(New York City) — Howie Hawkins and the Green Party are calling for clemency for nonviolent drug offenders and the legalization of drugs starting with marijuana, as part of the gubernatorial campaign's criminal justice reform platform.
“It’s time to free the prisoners of the war on drugs,” declared Green Party governor candidate Howie Hawkins as he and the party’s attorney general candidate and Bronx-based people’s lawyer Ramon Jimenez spoke in front of Manhattan Criminal Court. “Clemency for nonviolent drug offenders and legalization are two key steps towards the necessity of turning back the New Jim Crow and ending mass incarceration.”
“We need clemency for non violent drug offenders in New York State,” Hawkins said. “The misguided war on drugs is so fraught with racial bias that it has put a debilitating lifelong stigma on a large percentage of communities of color. That is why we need clemency, and expungement of these records now.”
“Every aspect of the criminal justice system has to be questioned. And we need to start with the damage that unjust drug arrests have brought upon those swept up by the unconstitutional stop and frisk madness of the Bloomberg/Kelly Years,” Ramon Jimenez said. “We’re talking about hundreds of thousands of people, mostly youths, who have been victims of the war on drugs in New York. Without expungement these unjust arrests impede the ability to go to school, get financial aid and even having somewhere to live.”
A hugely disproportionate number of drug arrests are from the African American and Latino communities. Blacks and whites use illegal drugs at the same rates, but black men are 11 times more likely than white men to be incarcerated for a drug offense in New York State. 18% of the state population is black, but 68% of the drug admissions to prison are black. 18% of the state population is Latino, but 26% of drug admissions to prison are Latino. African-Americans and Latinos comprise over 94% of the drug offenders in New York State prisons.

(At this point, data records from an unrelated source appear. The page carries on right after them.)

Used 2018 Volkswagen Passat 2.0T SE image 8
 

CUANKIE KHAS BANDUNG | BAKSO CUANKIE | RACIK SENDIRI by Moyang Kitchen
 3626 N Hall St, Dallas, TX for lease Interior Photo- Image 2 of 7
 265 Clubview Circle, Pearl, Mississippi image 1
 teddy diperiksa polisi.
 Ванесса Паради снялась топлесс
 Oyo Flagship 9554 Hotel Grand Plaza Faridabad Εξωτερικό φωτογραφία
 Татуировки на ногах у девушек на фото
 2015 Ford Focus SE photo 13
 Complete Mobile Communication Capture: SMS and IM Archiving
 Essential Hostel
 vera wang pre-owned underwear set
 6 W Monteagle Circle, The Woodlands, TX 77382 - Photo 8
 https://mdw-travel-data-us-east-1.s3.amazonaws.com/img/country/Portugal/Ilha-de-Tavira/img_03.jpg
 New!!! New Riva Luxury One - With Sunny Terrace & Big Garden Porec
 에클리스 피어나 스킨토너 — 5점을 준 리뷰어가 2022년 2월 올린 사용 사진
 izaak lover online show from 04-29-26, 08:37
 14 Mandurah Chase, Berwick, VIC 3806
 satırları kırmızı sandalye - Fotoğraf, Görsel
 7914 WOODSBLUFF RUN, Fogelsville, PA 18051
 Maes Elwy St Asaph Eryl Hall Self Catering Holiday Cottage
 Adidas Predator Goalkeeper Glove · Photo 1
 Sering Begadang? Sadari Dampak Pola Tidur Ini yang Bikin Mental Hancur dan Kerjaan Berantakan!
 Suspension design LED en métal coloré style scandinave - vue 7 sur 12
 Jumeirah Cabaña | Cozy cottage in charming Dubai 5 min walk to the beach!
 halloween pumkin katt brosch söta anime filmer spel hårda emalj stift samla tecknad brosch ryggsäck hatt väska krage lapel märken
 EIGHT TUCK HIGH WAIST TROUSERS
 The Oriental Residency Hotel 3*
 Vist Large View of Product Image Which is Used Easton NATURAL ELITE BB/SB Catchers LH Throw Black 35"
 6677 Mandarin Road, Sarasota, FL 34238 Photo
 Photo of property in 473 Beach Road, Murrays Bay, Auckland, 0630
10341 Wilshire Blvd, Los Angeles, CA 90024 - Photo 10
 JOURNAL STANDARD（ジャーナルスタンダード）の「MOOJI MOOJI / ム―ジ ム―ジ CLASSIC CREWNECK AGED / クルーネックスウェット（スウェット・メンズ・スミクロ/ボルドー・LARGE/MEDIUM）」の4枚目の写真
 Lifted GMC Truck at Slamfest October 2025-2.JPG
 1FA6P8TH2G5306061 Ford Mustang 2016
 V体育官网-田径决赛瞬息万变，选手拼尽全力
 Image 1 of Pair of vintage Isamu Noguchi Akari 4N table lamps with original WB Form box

“It is long past time to reform the criminal justice system and to treat drug abuse as a health issue, not a criminal problem,” said Hawkins. “The drug policy is destroying lives and communities. We must stop discriminating against individuals once they are released from jail in terms of their employment and their ability to obtain public benefits such as public housing and discrimination in employment. We must enact a ‘Ban the Box’ law to stop the practice of automatically disqualifying qualified job applicants because of criminal records.”
Besides calling for clemency, legalization and expungement of records Hawkins and Jimenez want to see the appointment of a Truth, Justice, and Reconciliation Commission charged with examining and addressing the impact of the War on Drugs and Mass Incarceration in New York State, including the devastating and lingering impact on people and communities of color. The Commission would assess the impact, hear from the people affected, and recommend policies to end mass incarceration and repair its damages.